Não tenho a resposta, mas tenho a certeza de três coisas: a primeira é que as omissões ou atitudes de minimização de sinais que vão surgindo aqui e acolá constituem também um fortíssimo aliado a propagação do racismo e da xenofobia; a segunda é que é importante deixar de ter uma discussão excessivamente moralista e ideológica em matéria de imigração para lidar com a extrema-direita. É necessário muita racionalidade e pragmatismo nessa matéria, ao mesmo tempo que se impõe que quem vem para cá para trabalhar não seja diminuído na sua condição de cidadão.

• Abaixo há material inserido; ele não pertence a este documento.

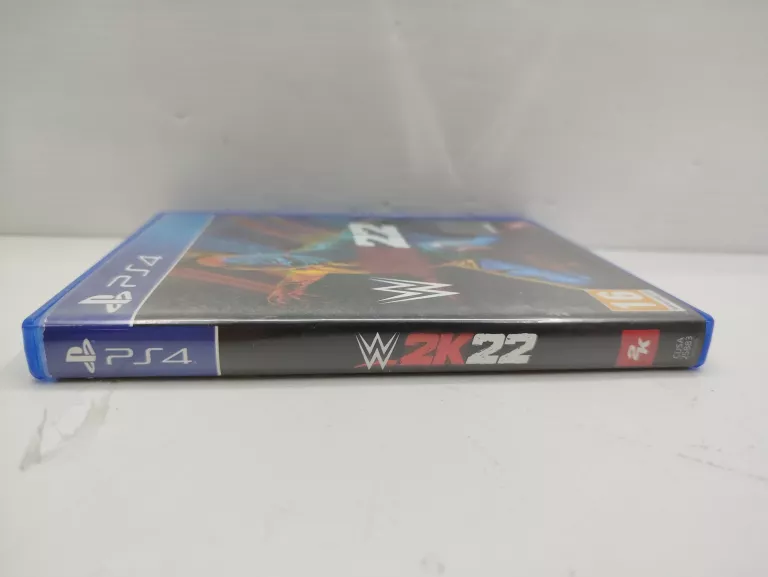 GRA NA PS4 WWE 2K22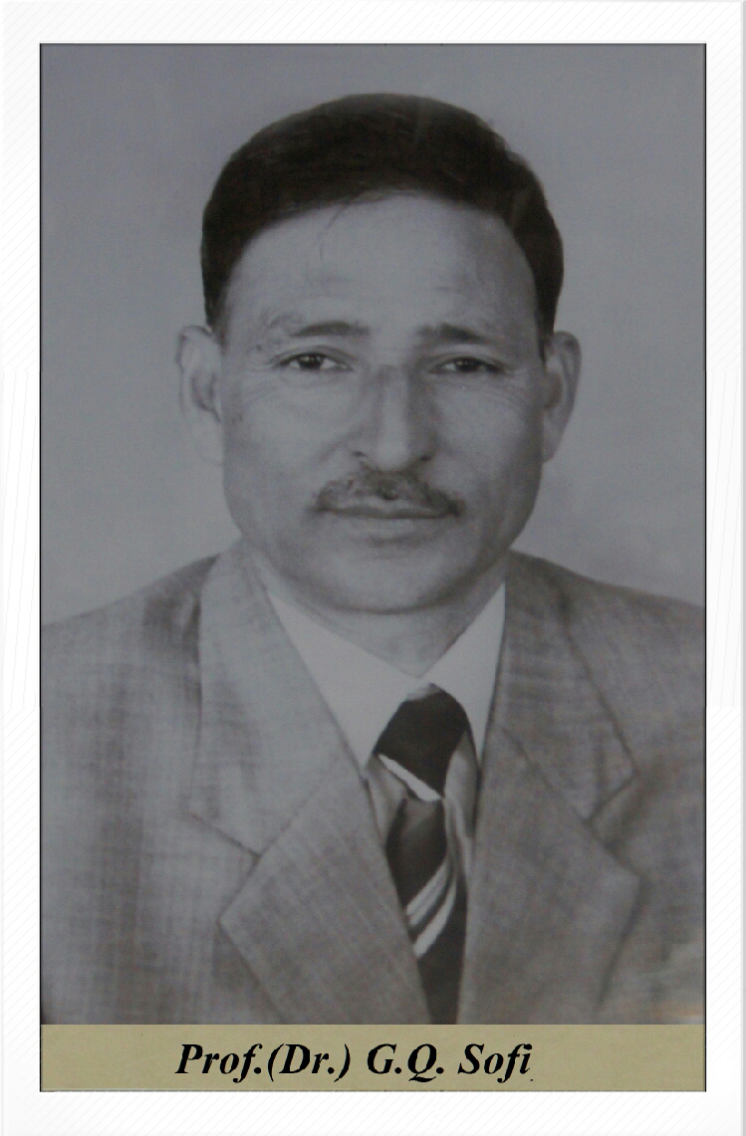 Prof. (Dr.) G.Q. Sofi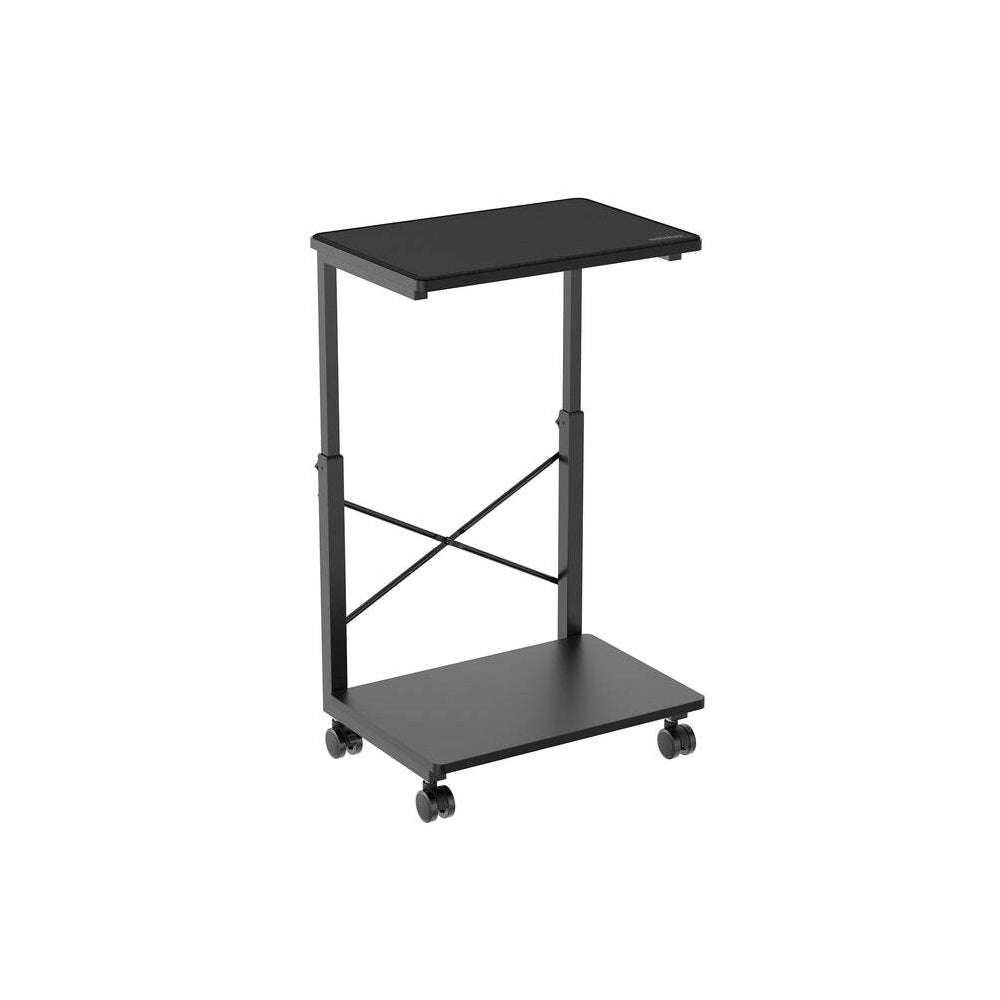 Activiva Height Adjustable PC & Printer Office Storage Stand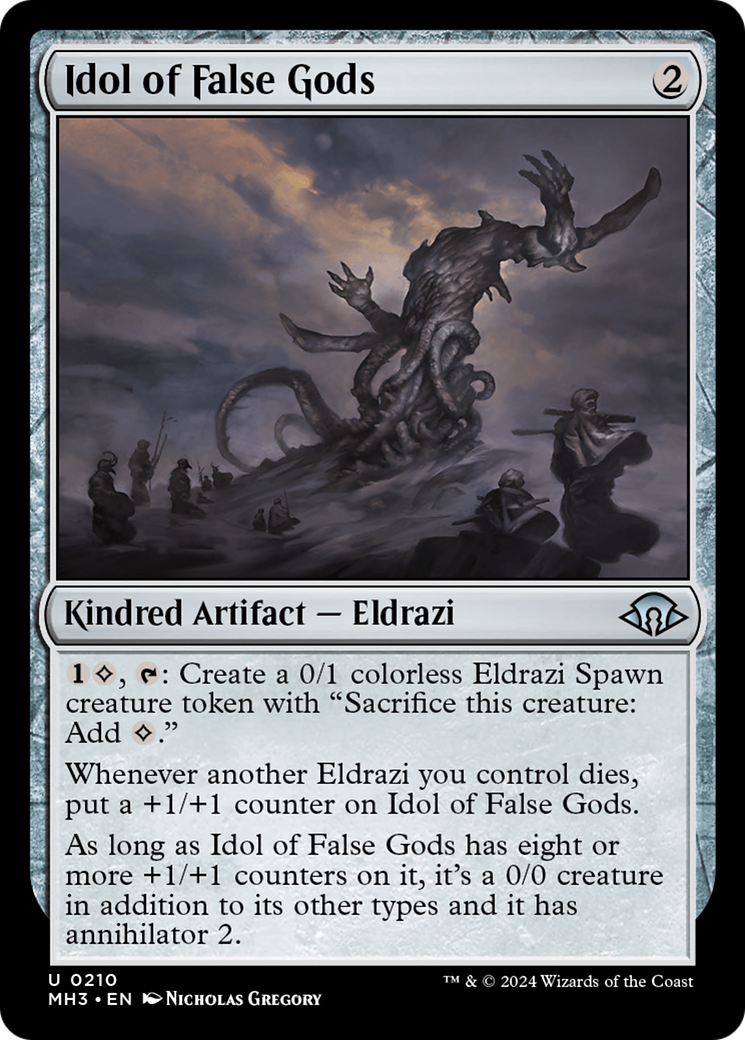 Idol of False Gods [Modern Horizons 3] | Pegasus Games WI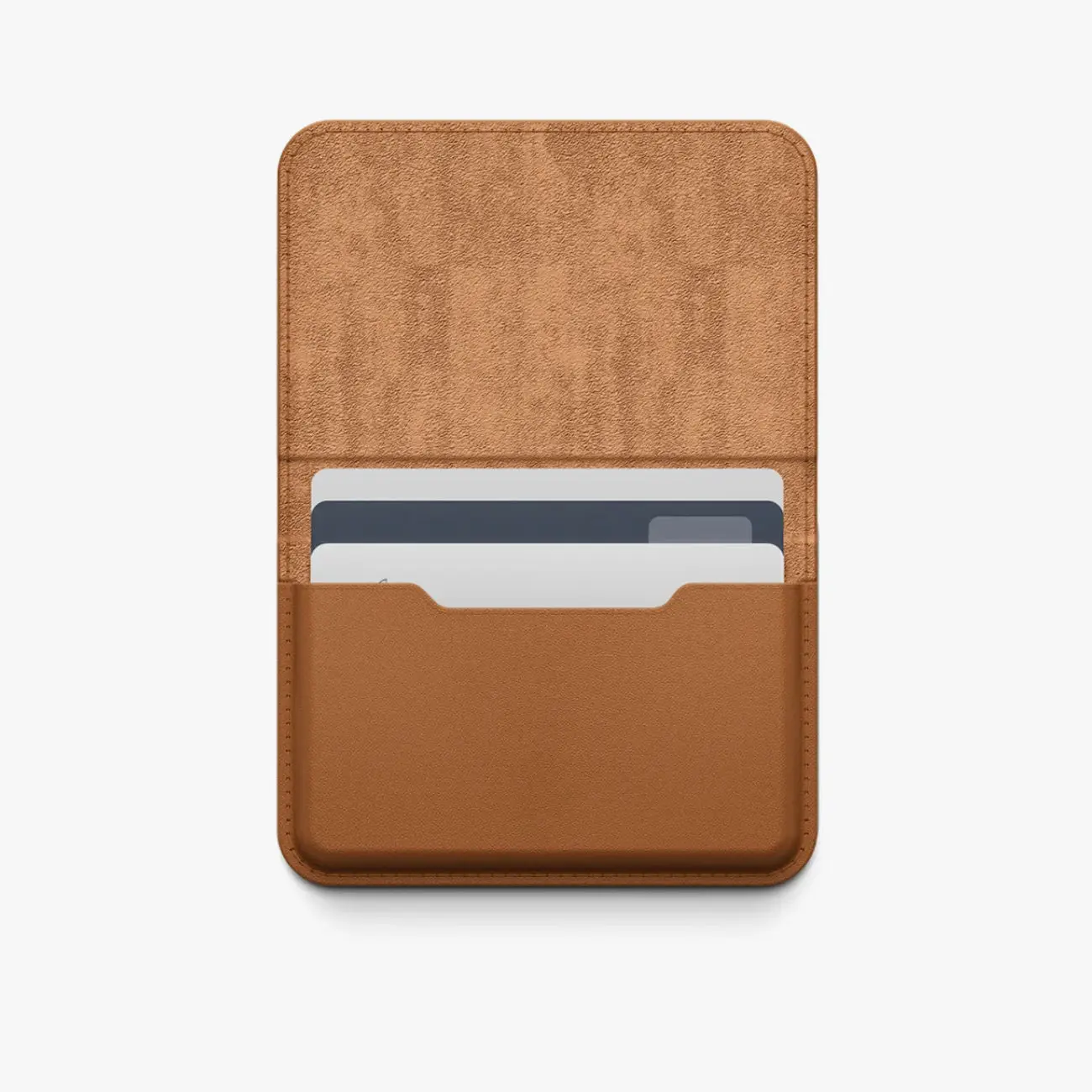Magnetický držák karet Elago Card Holder - hnědý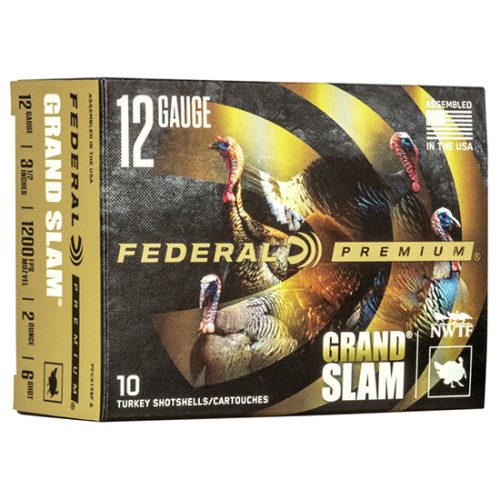FED GRAND SLAM 12GA 3.5 2OZ #6 TKY 10/5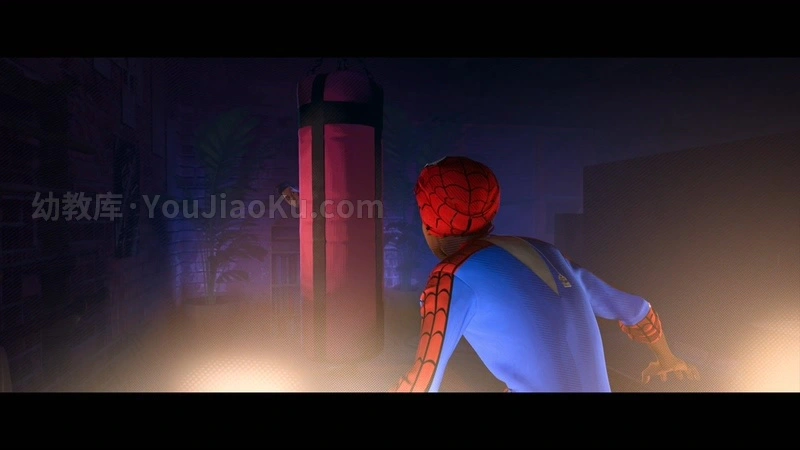 图片[2]-美国动画电影《蜘蛛侠：平行宇宙（加长版） Spider-Man: Into the Spider Verse 2018》全1集 英语中英双字 1080P/MP4/2.61G 百度云网盘下载-幼教库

Mas, também, temos – enquanto imigrantes - a nossa quota parte de responsabilidade em todo esse processo, nomeadamente no agravamento do grau da nossa invisibilidade política e no aumento do espaço da extrema-direita em Portugal. Muito desse combate deverá ser feito nas escolas, no espaço público e a partir de uma militância política ativa em torno de construção de uma sociedade portuguesa decente. Mas também na política partidária. Por isso, hoje, precisamos de cerrar as fileiras em torno de um Portugal onde todos nós possamos ter um lugar digno à mesa.

Equivale dizer sair do armário e fazer ouvir a nossa voz e reiterar a nossa disponibilidade para fazer avançar esse Portugal que é branco mas também mulato e preto; um Portugal onde o português tem várias pronúncias.